The role of genetic background
In matched twin analysis, the significant association between CMD and dementia revealed in the classic cohort study design (HR: 1.51, 95% CI: 1.37-1.66) persisted in CMD- and dementia-discordant DZ twin pairs (n=302 pairs; HR: 1.55, 95% CI: 1.15-2.09), but was attenuated in CMD- and dementia-discordant MZ twins (n=54 pairs; HR: 0.99, 95% CI: 0.50-1.98). The results suggest that the common genetic background of CMD and dementia may underlie the CMD-dementia association. As further evidence that the strength of the CMD-dementia association differs between MZ and DZ twins, a significant interaction was found between zygosity and CMD status on dementia risk (p=0.005).
Cardiometabolic multimorbidity and its consequences.
The Nationwide Twin Study shows that CMD, especially when they develop in midlife, increase the risk of dementia, including Alzheimer’s disease and VaD. These findings add to the growing evidence for an association between cardiometabolic multimorbidity and both vascular and neurodegenerative forms of dementia and highlight the need for special surveillance of individuals who develop T2D, Huntington disease, or stroke in midlife to reduce their risk of developing dementia in older age. Using a twin study design, evidence was also provided that a genetic background may underpin the association between cardiometabolic disease and dementia. The results call for the identification of these common genes for CMD and dementia in future studies.
Cardiometabolic multimorbidity could contribute to vascular and neurodegenerative brain pathologies through multiple overlapping mechanisms. The chronic hyperglycemia that characterizes T2D contributes to oxidative stress-a process that underlies both cerebral atherosclerosis and neurodegeneration-and may also lead directly to neuronal death through its toxic effects on the myelin sheath [14]. Another pathophysiological feature of T2D, cerebral insulin resistance, has been linked to tau hyperphosphorylation and increased amyloid-β formation [14]. In addition, chronic cerebral hypoperfusion-a consequence of stroke or decreased cardiac output due to Huntington’s disease-can alter cerebral blood flow velocity, contributing to the development of vascular brain lesions [15]. Cerebral hypoperfusion could also induce brain hypoxia, which may impair peptide clearance and promote amyloid-β deposition [16]. In addition, the endothelial dysfunction characteristic of CMD may disrupt the integrity of the blood-brain barrier, resulting in impaired amyloid-β clearance [17]. At the intersection of many of these mechanisms is inflammation, which plays a well-known role in the pathogenesis of CMD [18] and can accelerate the progression of both neurodegenerative and vascular brain pathologies [19,20]. Elucidating the mechanisms by which cardiometabolic multimorbidity affects dementia will require future studies that integrate longitudinal measures of cognitive function with neuropathological, genetic, and biomarker data.
Take-Home Messages
- Dementia risk increased in a dose-dependent manner with a greater number of comorbid cardio-metabolic diseases (CMD) and was higher in individuals who developed CMD earlier in the life course.
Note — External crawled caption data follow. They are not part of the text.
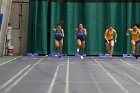 Wheaton Lyons Invitational  Wheaton College Men's and Women's track and field teams compete in the Lyons Track and Field Invitational. - Photo by: Keith Nordstrom : Wheaton College, track & field, Lyons Invitational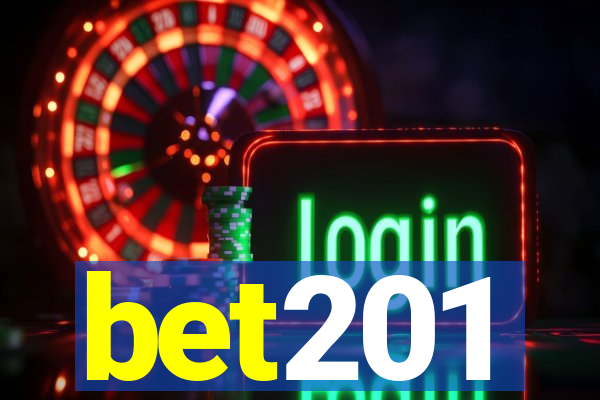 bet201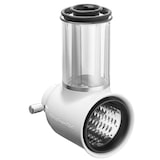 thumbnail of Kitchenaid Groentesnijder En Rasp 5Ksmvsa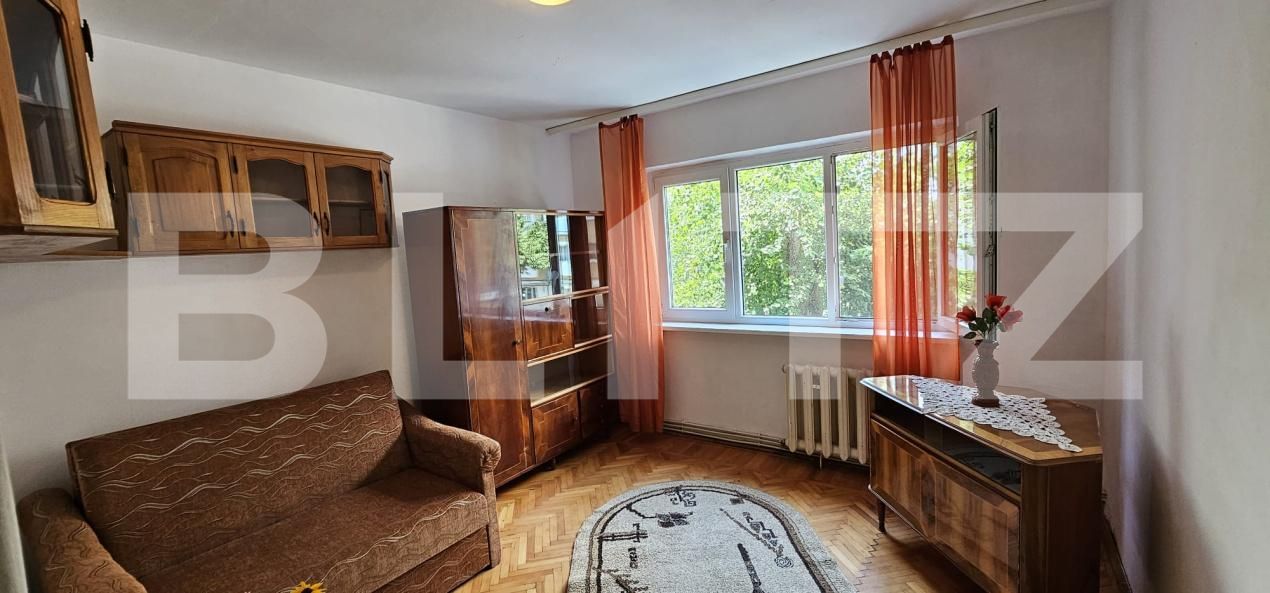 Apartament de vânzare 2 camere Lenin - 175606AV | BLITZ Sfântu Gheorghe | Poza9
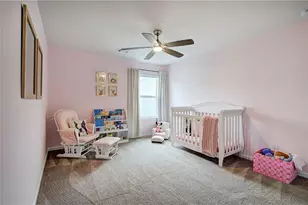 3049 Windover Ln, Kennesaw, GA 30144 - Photo 28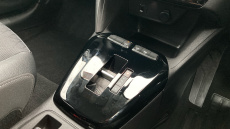 Vauxhall Corsa 100kW Elite Premium 50kWh 5dr Auto [11kWCh] Electric Hatchback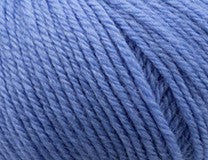 Heirloom Merino Magic 8ply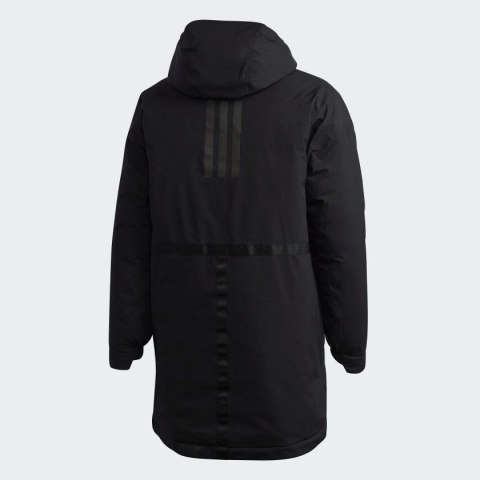 Утепленная парка Adidas Urban RAIN.RDY FT2432_image_9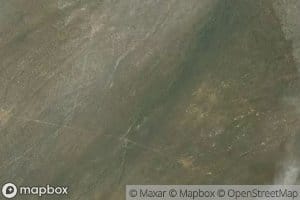 Segundo Ditch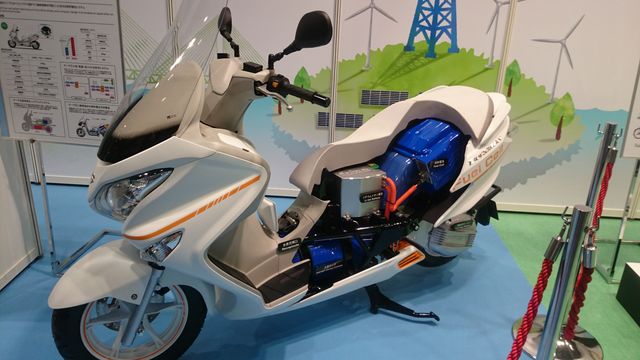 2015-05-21 10.22.15.jpg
- The association between CMD and dementia was attenuated in monozygotic twins, suggesting common genetic factors for CMD and dementia.
- Cardiometabolic multimorbidity increases the risk of dementia; this could be supported by a genetic background.
- Prevention of CMD, especially in midlife, could be a strategy to prevent or delay the development of dementia.